[Caption-style text data]
--------------------------------------------------

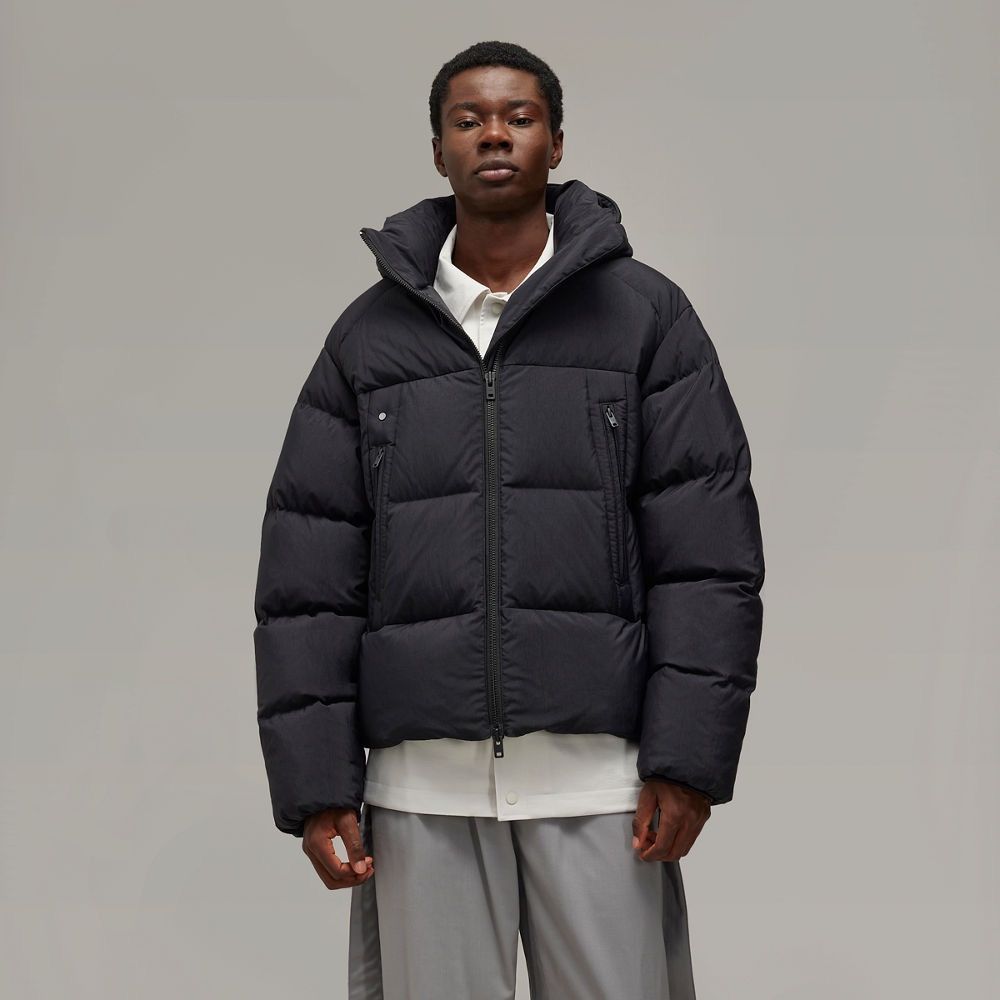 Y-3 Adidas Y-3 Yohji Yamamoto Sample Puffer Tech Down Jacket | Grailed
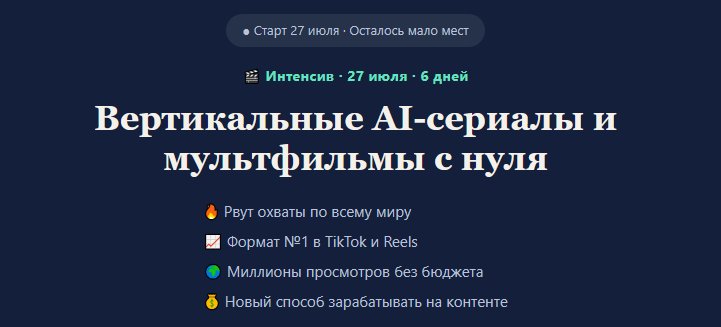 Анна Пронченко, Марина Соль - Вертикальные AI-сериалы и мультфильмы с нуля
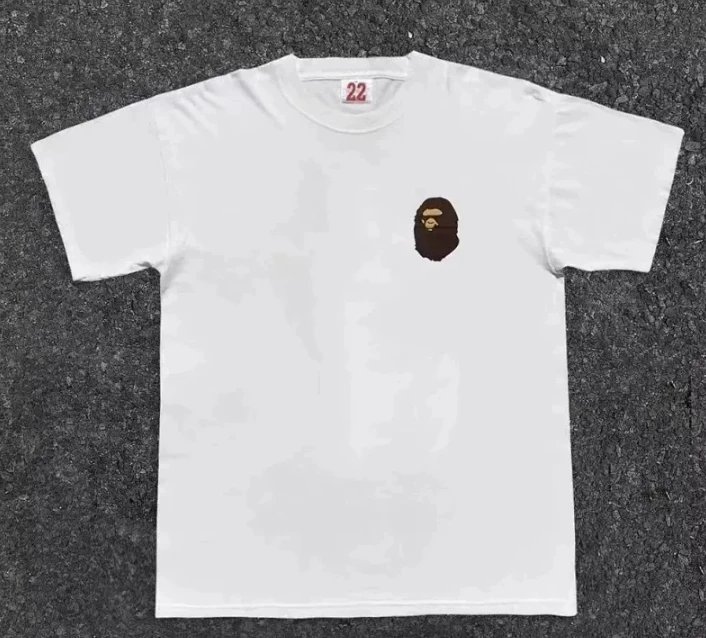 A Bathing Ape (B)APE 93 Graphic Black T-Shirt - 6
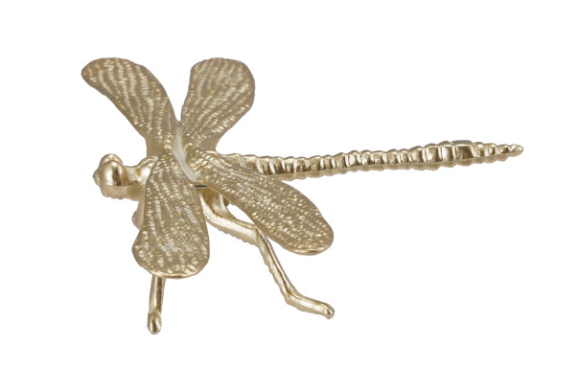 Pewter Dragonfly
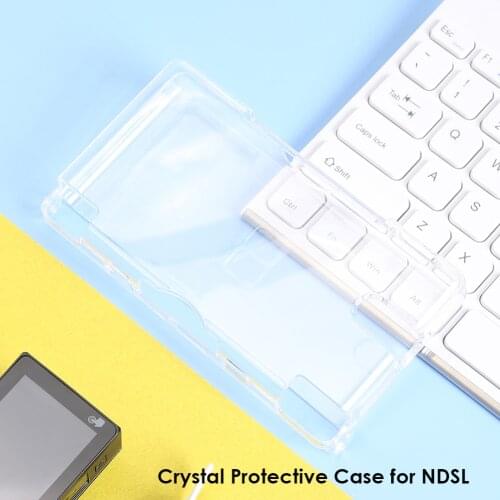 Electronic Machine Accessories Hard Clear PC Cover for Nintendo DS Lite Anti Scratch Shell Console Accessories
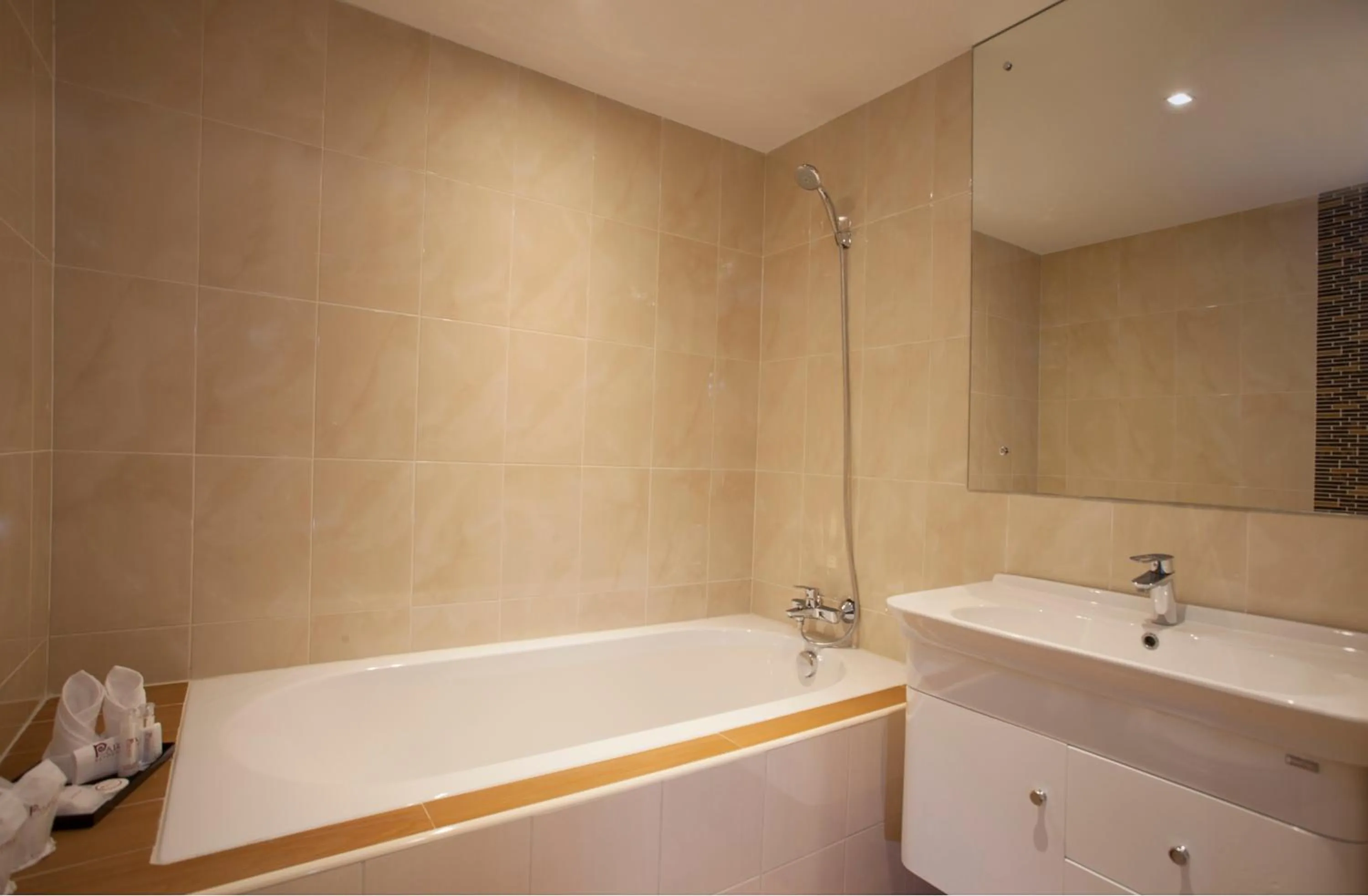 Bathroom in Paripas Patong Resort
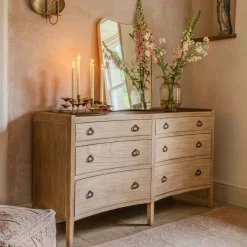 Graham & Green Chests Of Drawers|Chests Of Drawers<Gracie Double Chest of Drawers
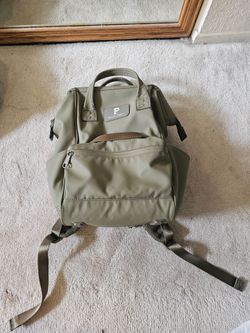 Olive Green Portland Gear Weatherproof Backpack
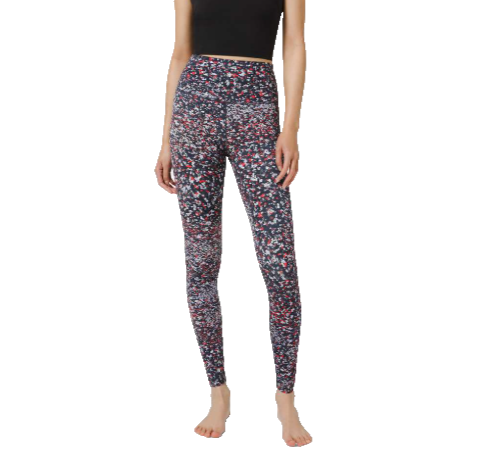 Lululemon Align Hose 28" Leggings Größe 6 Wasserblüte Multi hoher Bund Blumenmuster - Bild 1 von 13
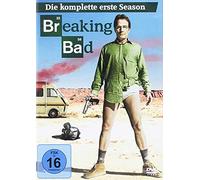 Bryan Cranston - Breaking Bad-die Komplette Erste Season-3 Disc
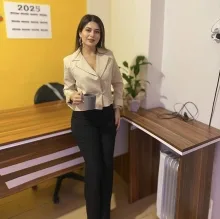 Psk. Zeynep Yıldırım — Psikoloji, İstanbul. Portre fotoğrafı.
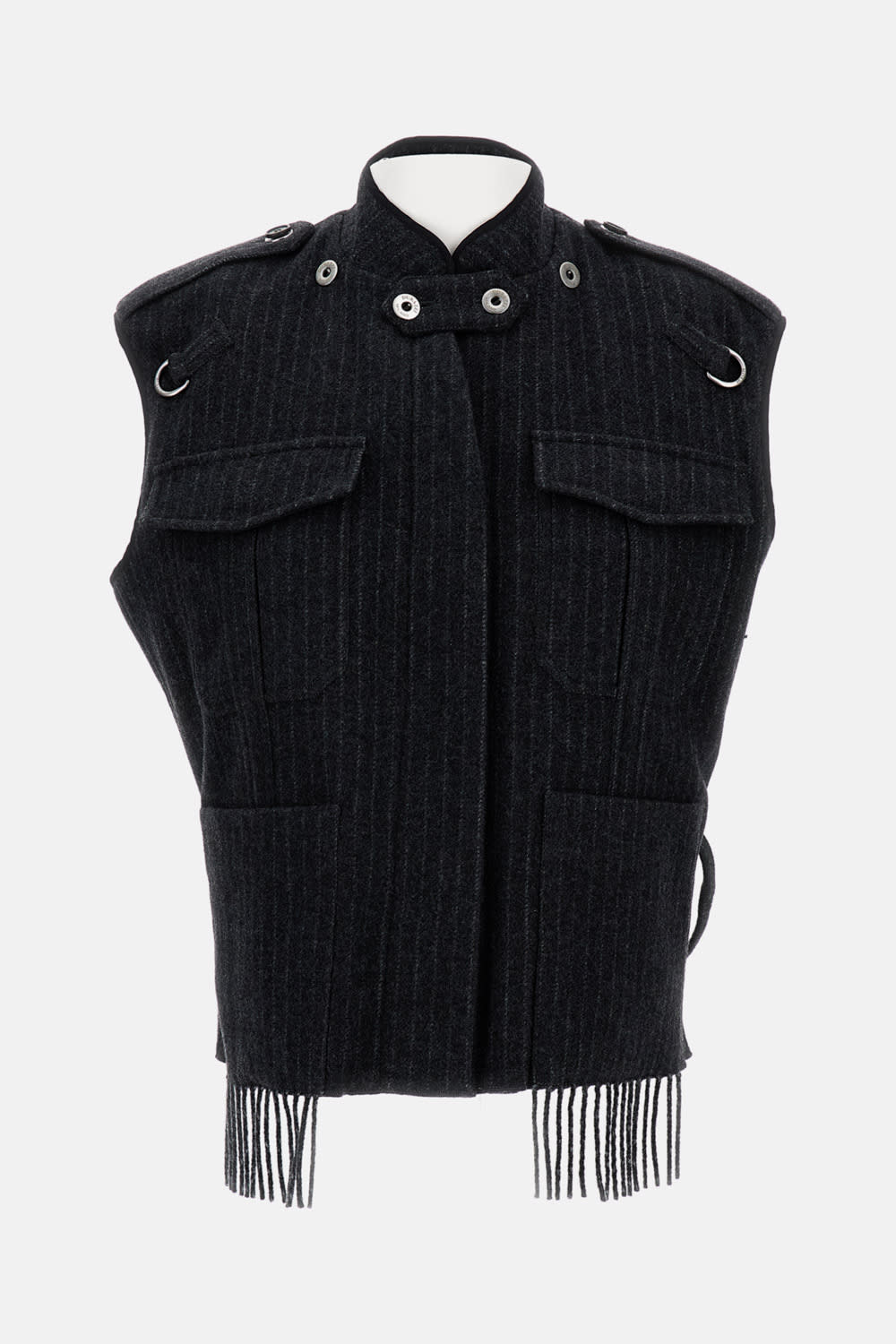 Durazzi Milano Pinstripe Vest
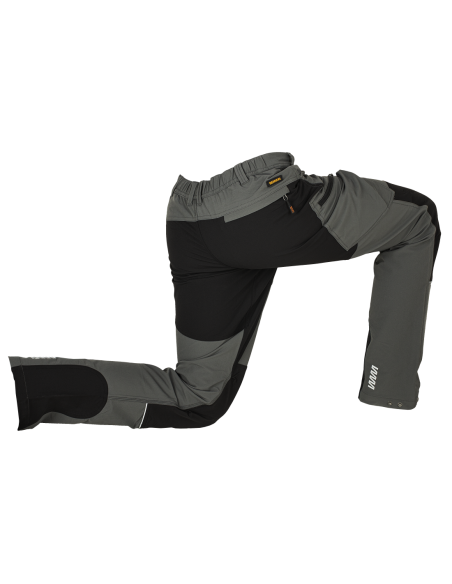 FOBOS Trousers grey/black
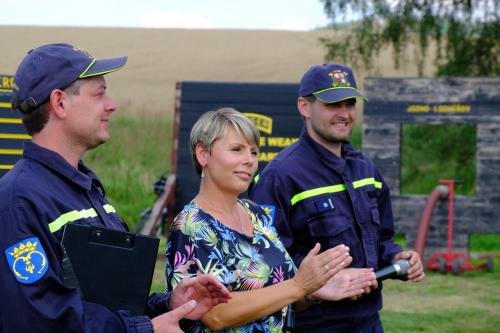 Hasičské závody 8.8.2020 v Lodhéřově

--------------------------------------------------

Your answer must be an exact copy of the records, with no pictures in it.

*EXERCISE SOLUTION:*
 Y-3 Adidas Y-3 Yohji Yamamoto Sample Puffer Tech Down Jacket | Grailed
 Анна Пронченко, Марина Соль - Вертикальные AI-сериалы и мультфильмы с нуля
 A Bathing Ape (B)APE 93 Graphic Black T-Shirt - 6
 Pewter Dragonfly
 Electronic Machine Accessories Hard Clear PC Cover for Nintendo DS Lite Anti Scratch Shell Console Accessories
 Bathroom in Paripas Patong Resort
 Graham & Green Chests Of Drawers|Chests Of Drawers<Gracie Double Chest of Drawers
 Olive Green Portland Gear Weatherproof Backpack
 Lululemon Align Hose 28" Leggings Größe 6 Wasserblüte Multi hoher Bund Blumenmuster - Bild 1 von 13
 Bryan Cranston - Breaking Bad-die Komplette Erste Season-3 Disc
 Psk. Zeynep Yıldırım — Psikoloji, İstanbul. Portre fotoğrafı.
 Durazzi Milano Pinstripe Vest
 FOBOS Trousers grey/black
 Hasičské závody 8.8.2020 v Lodhéřově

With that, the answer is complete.